T(fields...) is only a constructor if the type doesn’t define a constructor. Similarly, to_named_tuple_generated would be wrong for any type that defines getproperty. It might make sense for this code to live in a package, with a “buyer-beware” warning, but I don’t think we should put it in base. This is also coupled to the reason Julia APIs often avoid using dot-oriented accessors (specifically, because it encourages excess coupling of a type’s data layout and usage & hinders effective usage of dispatch).

foobar_lv2 · February 13, 2018, 10:59pm

Thanks!

So @piever the best is to copy-paste the struct_to_named_tuple into your code or maybe submit it to some place where it fits (e.g. the packages that use named tuples in the data-frame/table ecosystem; you obviously have my permission to do so, I don’t need credit for these 5 lines; it’s just like all the pointer-based non-allocating array-views that everyone copy-pastes and modifies). If it doesn’t belong in base then it doesn’t belong in base, so I can procrastinate fixing my git for some more time, yay!.

Splatting of named tuples will be reasonably fast once https://github.com/JuliaLang/julia/pull/26025 has landed, so the strip_names can be forgotten (modulo maybe unions: Tuples are covariant and named tuples are not, so I’m not sure whether there lurk performance dragons when splatting named tuples with Union{Int,Missing} fields).
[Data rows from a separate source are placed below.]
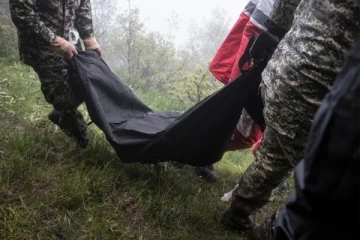 ஈரானில் விபத்து நடந்த இடத்தில் இருந்து உடல்களை மீட்கும் மீட்பு குழுவினர்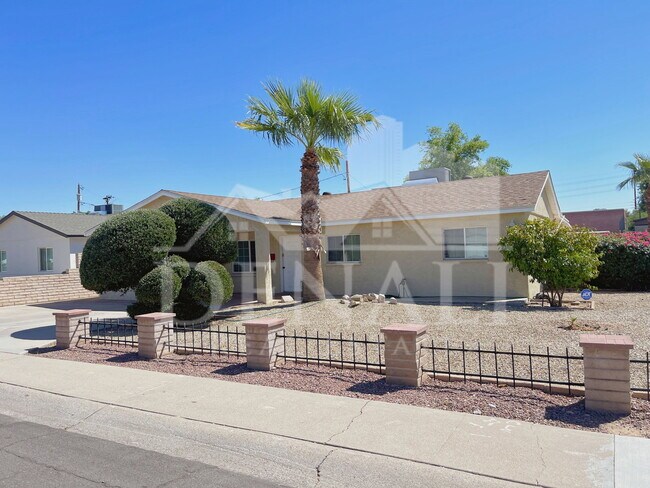 Foto del edificio - 2401 E Meadowbrook Ave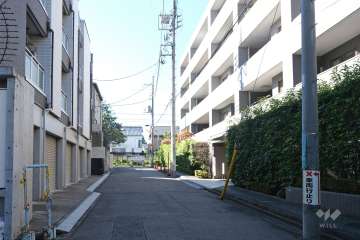 敷地東側道路の前面道路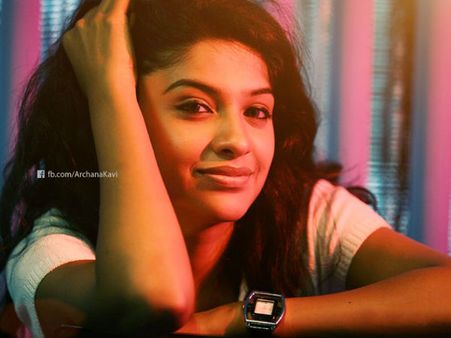 ഭൂകമ്പം വന്നപ്പോള്‍ അര്‍ച്ചന കവിയും കുലുങ്ങി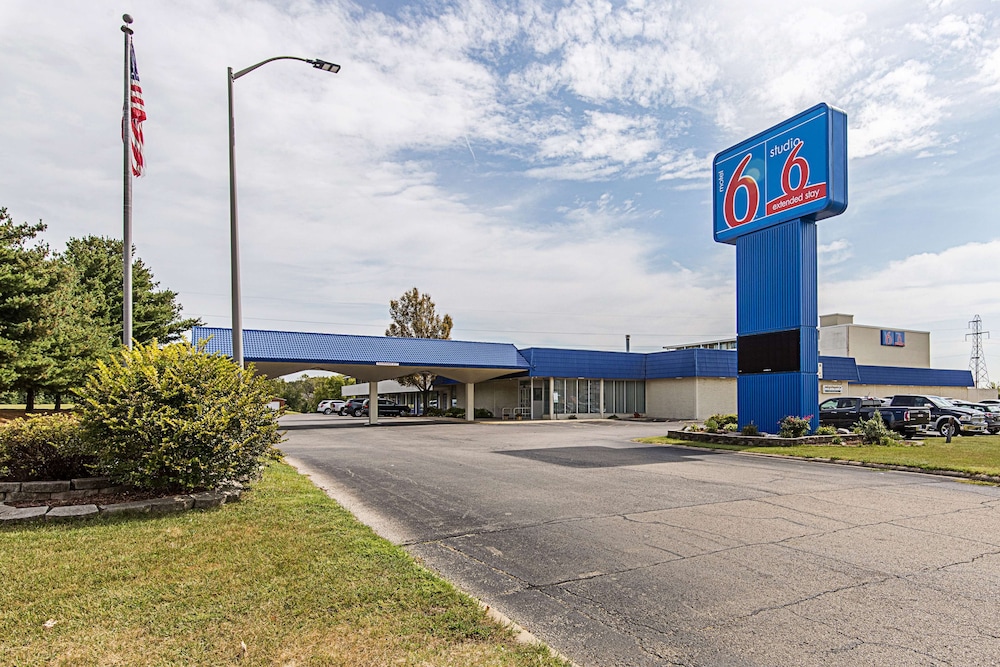 Motel 6 Pekin IL - photo 2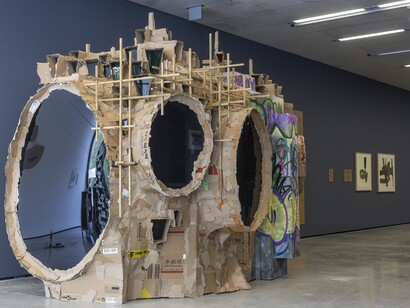 Rob Voerman, Entropic empire, exhibition view. Courtesy of Museum der Moderne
piever · February 13, 2018, 11:09pm

I also thought this probably belongs to some data package then (possibly one of the IterableTables group), I’ll make a PR when those packages update to Julia 0.7, thanks again for your contribution.

davidanthoff · February 25, 2018, 1:35am

I think @jameson is probably right that we should just relax the requirement that things have to be a named tuple and accept any struct everywhere. Query.jl already has no special treatment for named tuples, and it might make sense to do the same for the iterable tables interface. I think I want to think a bit more about this, but that is my current view.

oschulz · November 21, 2018, 10:49am

Do we have conversion between structs and named tuples available in some package by now? If not, @JeffreySarnoff, would you accept something like this as an addition to NamedTupleTools.jl?

JeffreySarnoff · November 21, 2018, 11:04am

sure

JeffreySarnoff · November 21, 2018, 11:59am

Just tagged v0.4.0

using NamedTupleTools

julia> struct MyStruct
           tally::Int
           team::String
       end

julia> mystruct = MyStruct(5, "hometeam")
MyStruct(5, "hometeam")

julia> mynamedtuple = NamedTuple(mystruct)
(tally = 5, team = "hometeam")

julia> mystructtuple = (tally = 18, team = "vistors")
(tally = 18, team = "vistors")

julia> myotherstruct = convert(MyStruct, mystructtuple)
MyStruct(18, "vistors")

oschulz · November 21, 2018, 12:08pm

Oh, nice, thanks!

One question: NamedTupleTools doesn’t really “own” NamedTuple, but defines methods like length (and now convert) for it. Are you aware of any other packages that do that too and could cause ambiguities? Or can we consider NamedTupleTools as “official” enough that that’s fine?